Online sipariş vermenin kolaylaşmasıyla birlikte fastfood tüketiminde artış oluştu. Bunun yanı sıra market raflarında hızlı pişirilmesi sebebiyle işlenmiş birçok ürününde satışları arttı. Vatandaşların severek tükettiği birçok ürünün içerisine raf ömrünü uzatmak, koruyuculuğunu artırmak için eklenen bazı gıda katkı maddelerinin (sodyum nitrit, mono sodyum glutamat gibi) ürün içerisindeki yoğunluğu ve tüketim sıklığına bağlı olarak başta tip 2 diyabet, kalp damar hastalıkları, kanser ve obezite gibi hastalıklar için risk oluşturabiliyor. ÇOMÜ Spor Bilimleri Fakültesi Öğretim Üyesi Doç. Dr. Günay Eskici gazetemize verdiği röportajda yiyeceklerdeki zararlı maddelerin sık tüketiminde insan sağlığında oluşturabileceği olumsuz etkileri açıkladı.
Zaman kavramının günümüzde önemli bir yer tutması sebebiyle insanların fastfood ve kolay pişirebilir ürünlere olan yönelimi arttı. Bu ürünlerde ise insanların sağlığını teşkil edecek birçok gıda katkı maddesi bulunuyor. Diyetisyen Günay Eskici fastfood tüketimiyle birlikte maruz kalınan trans yağların fazla miktarda alınmasının kalp sağlığına olumsuz etki ettiğini belirtiyor.

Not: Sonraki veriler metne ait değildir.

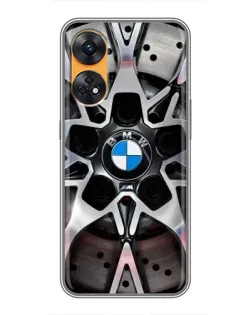 Чехол для OPPO Reno 8T с картинкой «BMW — деталь диска»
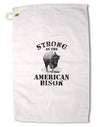 Strong Bison Text Premium Cotton Golf Towel - 16 x 25 inch-Golf Towel-TooLoud-16x25"-Davson Sales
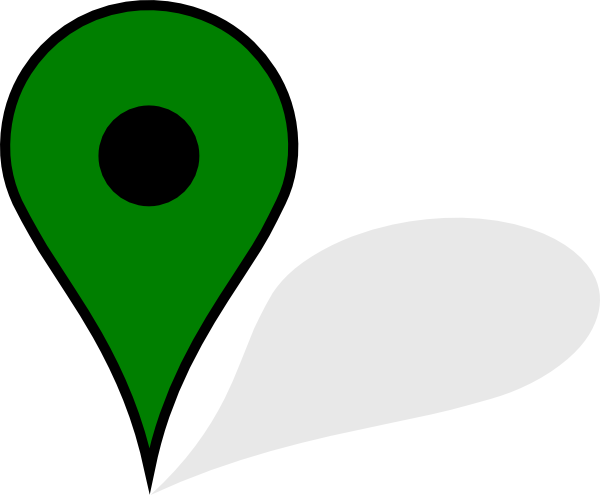 Google Maps Pin Green Clip Art At Clker Com   Vector Clip Art Online    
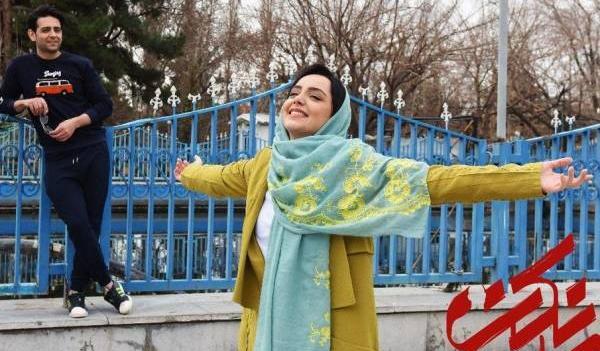 عکس لیندا کیانی با فرزاد فرزین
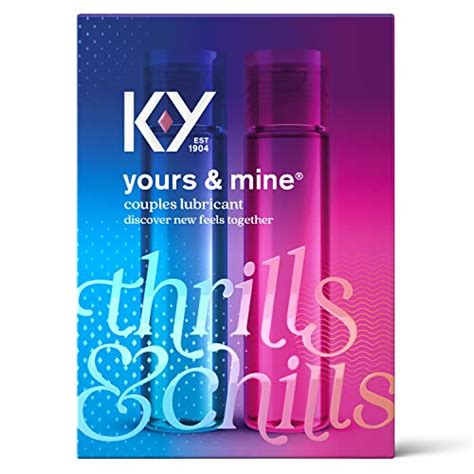 lubricant for him and her k y yours and mine couples lubricant 3 fl oz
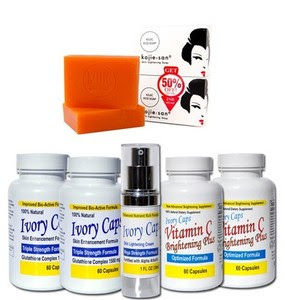  San Lightening 2 Bars Soap 65g+ (System 2) Ivory Caps Skin Whitening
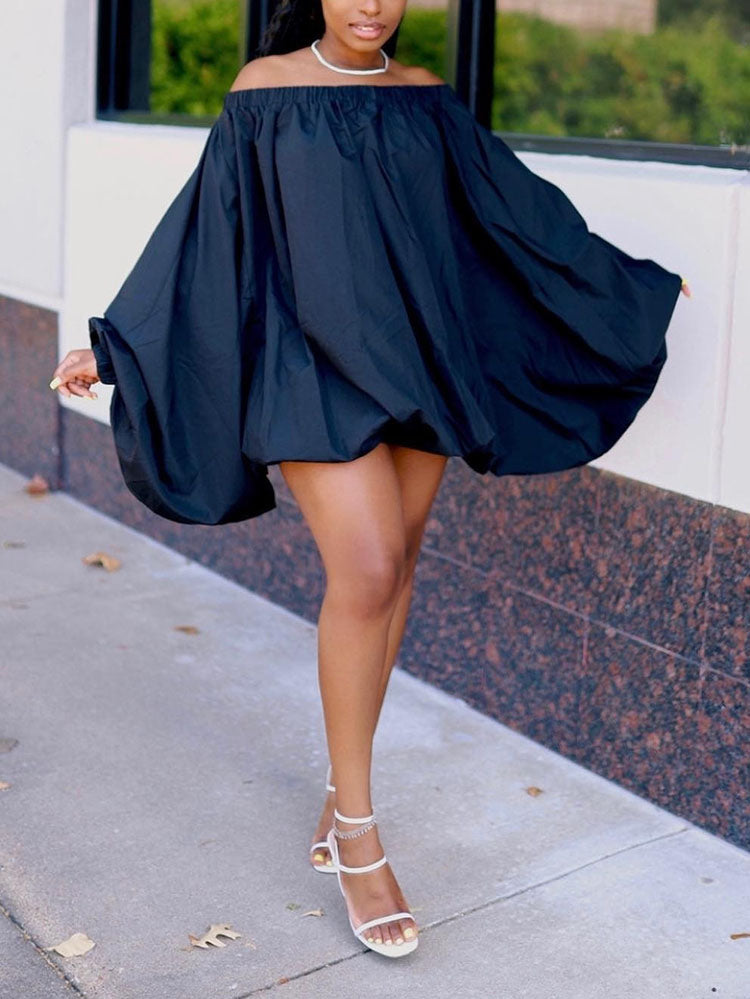 Off Shoulder Puff Sleeve Dresses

Diyetisyen Günay Eskici Trans yağların fastfood tarzı ürünlerde, kızarmış patateste hazır paketli ürünlerde bulunduğunu belirterek “Trans yağların fazla miktarda alınması başta kalp sağlığı olmak üzere vücudumuzdaki kötü kolesterolün artmasına iyi kolesterolün azalmasına tip 2 diyabet gelişim riskinin ve kanser gelişim riskinin oluşumu için risk oluşturmakla birlikte bağışıklık sistemimizin olumsuz etkilenmesine neden olmaktır. Aynı zamanda işlenmiş etler yine bu dönemde fazla tükettiğimiz ürünler arasında. İşlenmiş etlerden sucuk, sosis, salam, pastırma ve jambon gibi bazı et ürünleri hem raf ömrünü uzatmak hem de etin rengini korumak, mikrobiyal bozulmaya önlemek amacıyla içerisine sodyum nitrit ilave edilir. Böyle bir durumda sodyum nitrit besindeki yoğunluğunun fazla olması ve bu ürünlerin sık bir şekilde tüketilmesi yine sağlığımız açısından önemli sorunlar oluşturabilmekte. Ayrıca monosodyum glutamat dediğimiz çin tuzu olarak da ifade ettiğimiz hazır çorbaların içerisinde, salata soslarına, atıştırmalık ürünlere, cipslere giren bu monososdyum glutamat iştah açıcı özelliği gösterdiği için kişilerin fazla yemesine dolayısıyla obazite gelişimi için risk teşkil edebilir” dedi.
Diyetisyen Günay Eskici “İnsanlarımız ilave şeker ve rafine karbonhidrat tüketimine bununla birlikte yüksek fruktozlu mısır şurubu tüketimine paketli gıdalarda daha fazla ağırlık vermeye başlamıştır. Bilindiği üzere besinlerimiz içerisinde doğal şeker bulunduğu gibi örneğin sütün içerisindeki laktoz ya da meyvelerin içerisindeki früktoz doğal şekerdir. Ancak paketli ürünlerin içerisinde ilave edilen şekerler ya da mısır nişastasından elde edilen yüksek früktoz şurubunun fazla şekilde tüketilmesi başta TİP 2 diyabet ve obazite olmakla birlikte yine sağlığımız açısından zarar teşkil eder. Bu nedenle bunları daha çok bünyesinde barındıran gazlı içecekler, meyve suları, meyveli içecekler ve paketli ürünlerin tüketim sıklığına ve miktarına dikkat edilmesi gerekmektedir. Bu durumda sizlerin canınız hamburger çekiyorsa bunu evde doğal bir şekilde tam tağıllı bir undan yapılan sandviç ekmeği içerisinde marul ve taze kıyma ile yapılan bir köfte ile kendiniz yapabilirsiniz. Defalarca aynı yağda kızarılmış patates kızarması yerine daha az yağda ya da fırında yapabileceğiniz bir kızartmayı tercih edebilirsiniz” ifadelerini kullandı.